**Problem to solve:**
Pictures aside, every line of the listing should be given again exactly.

BEGIN Supplied entries

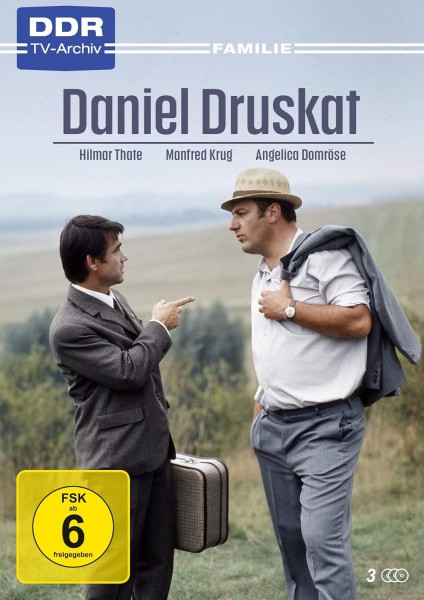 Daniel Druskat (5-teilige Serie) DVD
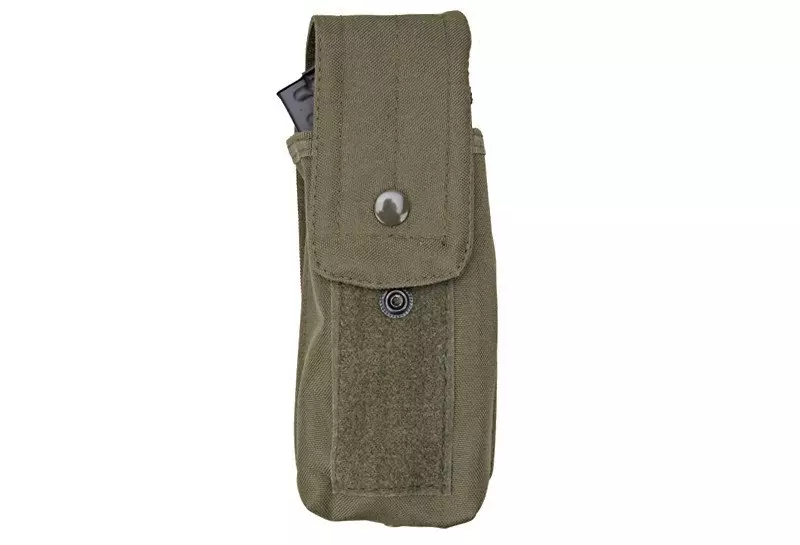 Single Pouch for 2 AK Magazines - Olive Drab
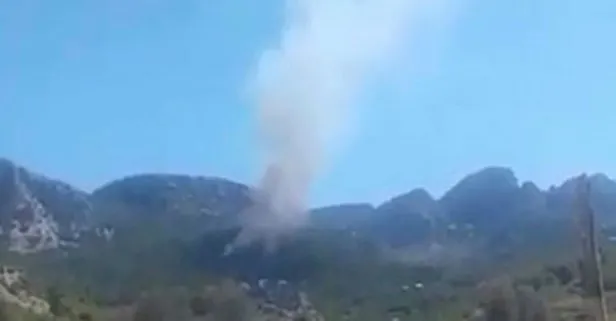 Antalya Serik’te orman yangını!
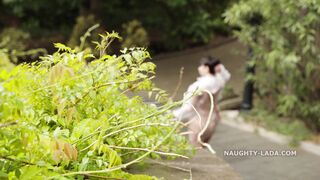 NaughtyLada - Raincoat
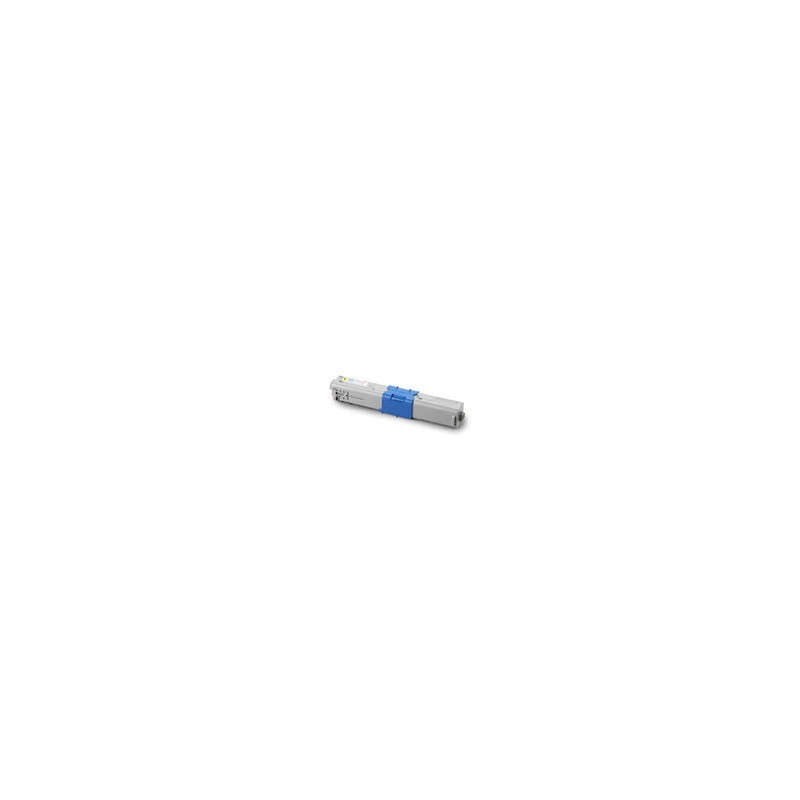 Tonerpatron OKI 44469704 gul original (2000 sider)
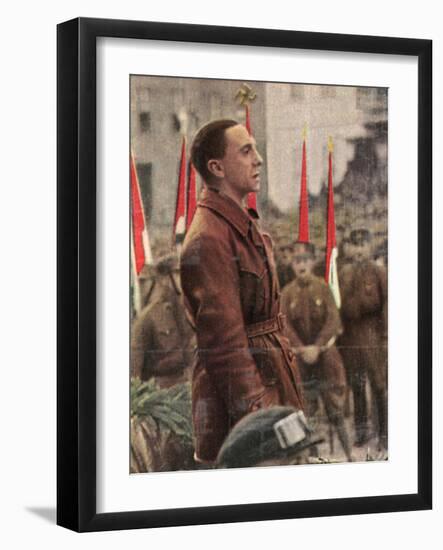 Paul Joseph Goebbels-null-Framed Photographic Print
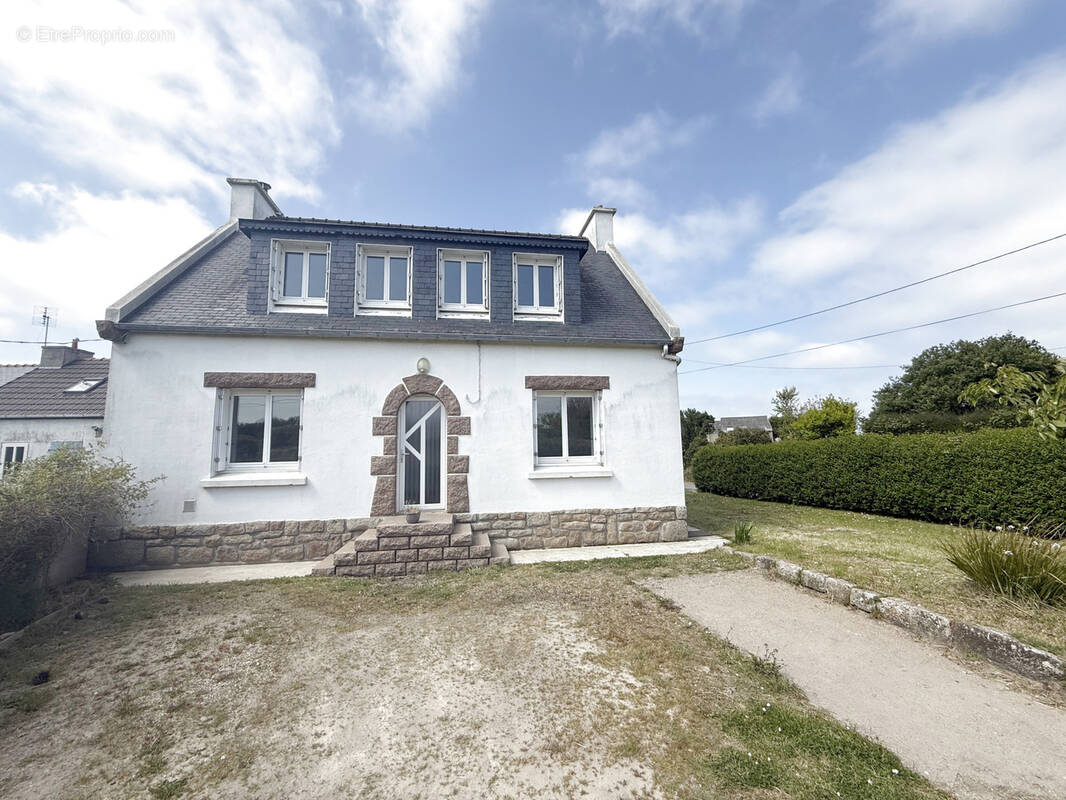 Maison à BRIGNOGAN-PLAGE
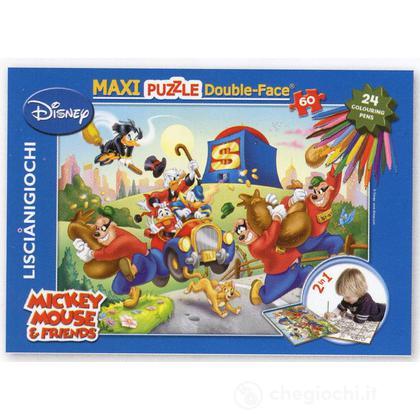 Topolino puzzle df maxi 60 - Puzzle classici - Lisciani - Giocattoli ...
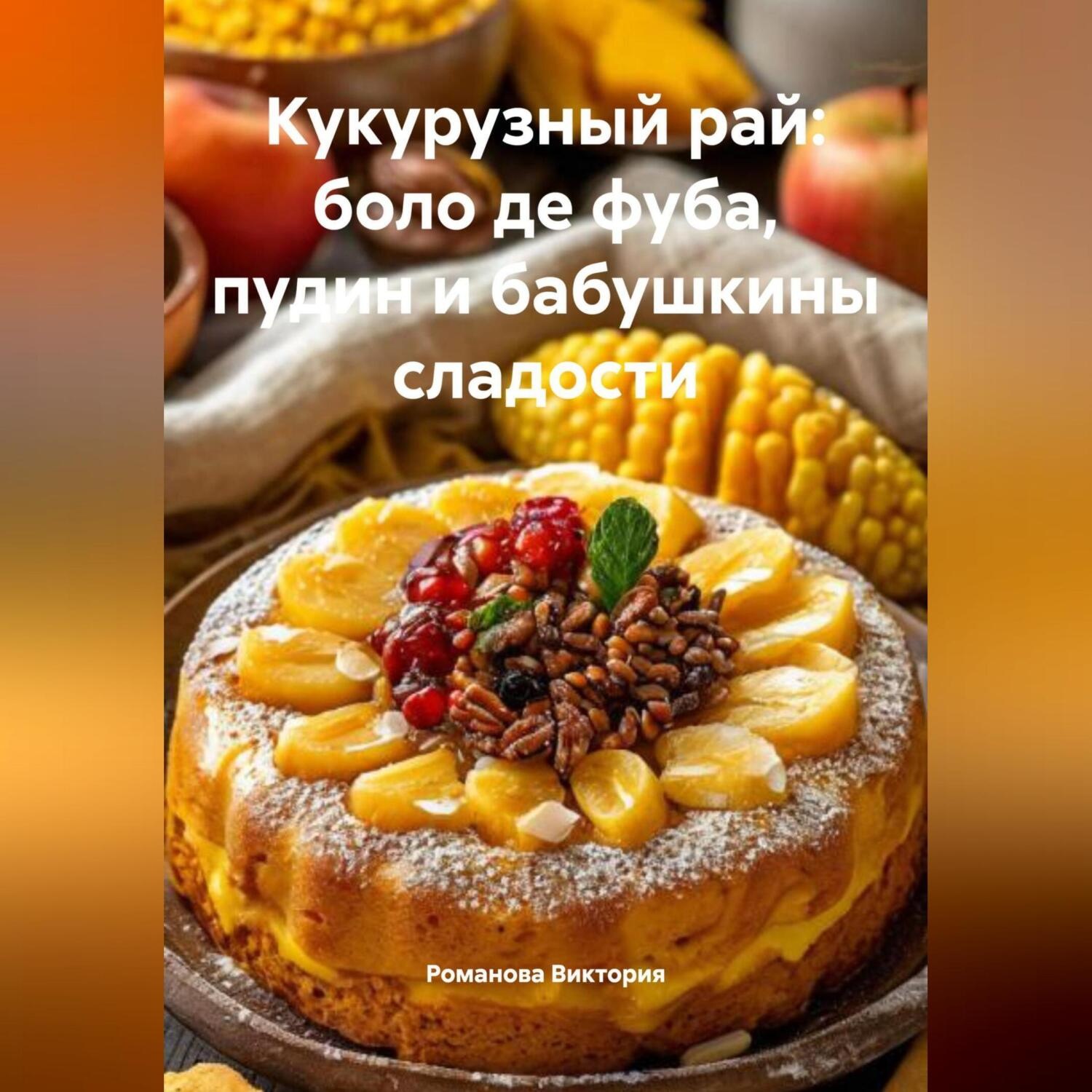 Обложка книги «Кукурузный рай: боло де фуба, пудин и бабушкины сладости»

END Supplied entries

**Result of the task:**
 Daniel Druskat (5-teilige Serie) DVD
 Single Pouch for 2 AK Magazines - Olive Drab
 Antalya Serik’te orman yangını!
 NaughtyLada - Raincoat
 Tonerpatron OKI 44469704 gul original (2000 sider)
 Paul Joseph Goebbels-null-Framed Photographic Print
 Maison à BRIGNOGAN-PLAGE
 Topolino puzzle df maxi 60 - Puzzle classici - Lisciani - Giocattoli ...
 Обложка книги «Кукурузный рай: боло де фуба, пудин и бабушкины сладости»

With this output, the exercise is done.